Available records ▸
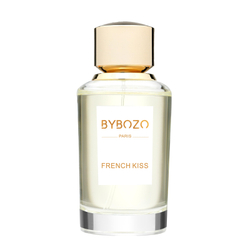 Bybozo French Kiss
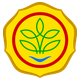 Kementerian Pertanian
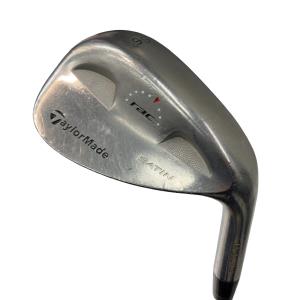 �q�`�b�@�r�`�s�h�m�@�T�U°�^�P�S°�@�t�r�`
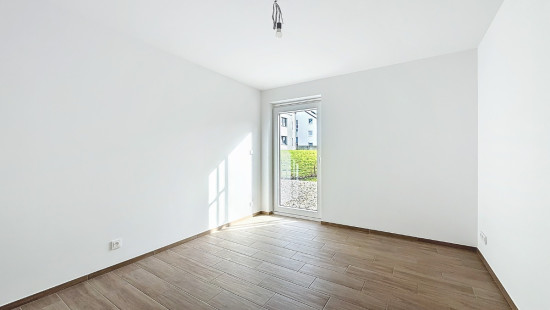 Rue des Vieux Prés - 15/2 - - 2 - 6860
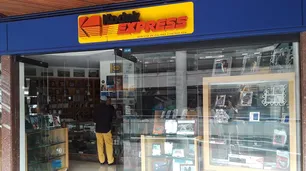 Otra empresa que se va del país: Kodak Alaris muda su sede regional a México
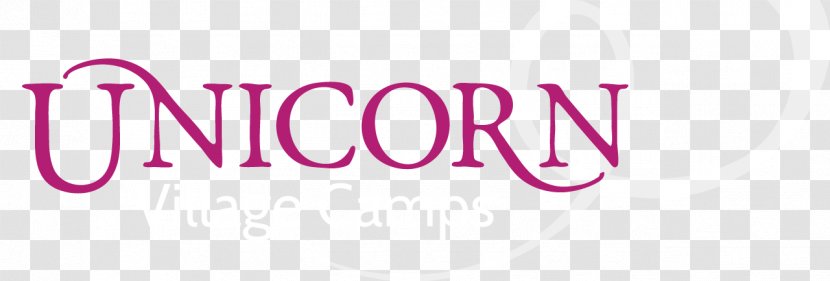 L'Occitane En Provence Cosmetics Logo Retail - Recruitment - Unicorn Letters Transparent PNG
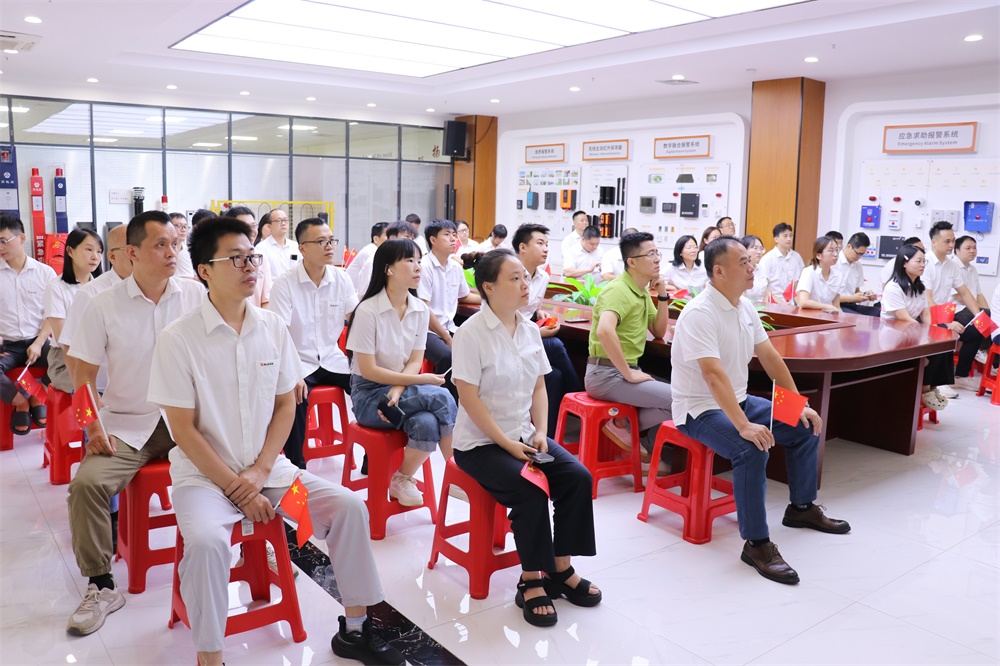 亚洲午夜精品A片久久WWW慈禧-女人张开腿让男人添-亚洲国产欧美日韩人成-乱肉YIN荡系列合集TXT-天天撸日日夜夜:共鉴阅兵盛典,同筑爱国情怀 亚洲午夜精品A片久久WWW慈禧-女人张开腿让男人添-亚洲国产欧美日韩人成-乱肉YIN荡系列合集TXT-天天撸日日夜夜:共鉴阅兵盛典,同筑爱国情怀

Task to complete ▸
Would you repeat the material exactly, keeping out any pictures?

The completed task ▸
 Bybozo French Kiss
 Kementerian Pertanian
 �q�`�b�@�r�`�s�h�m�@�T�U°�^�P�S°�@�t�r�`
 Rue des Vieux Prés - 15/2 - - 2 - 6860
 Otra empresa que se va del país: Kodak Alaris muda su sede regional a México
 L'Occitane En Provence Cosmetics Logo Retail - Recruitment - Unicorn Letters Transparent PNG
 亚洲午夜精品A片久久WWW慈禧-女人张开腿让男人添-亚洲国产欧美日韩人成-乱肉YIN荡系列合集TXT-天天撸日日夜夜:共鉴阅兵盛典,同筑爱国情怀 亚洲午夜精品A片久久WWW慈禧-女人张开腿让男人添-亚洲国产欧美日韩人成-乱肉YIN荡系列合集TXT-天天撸日日夜夜:共鉴阅兵盛典,同筑爱国情怀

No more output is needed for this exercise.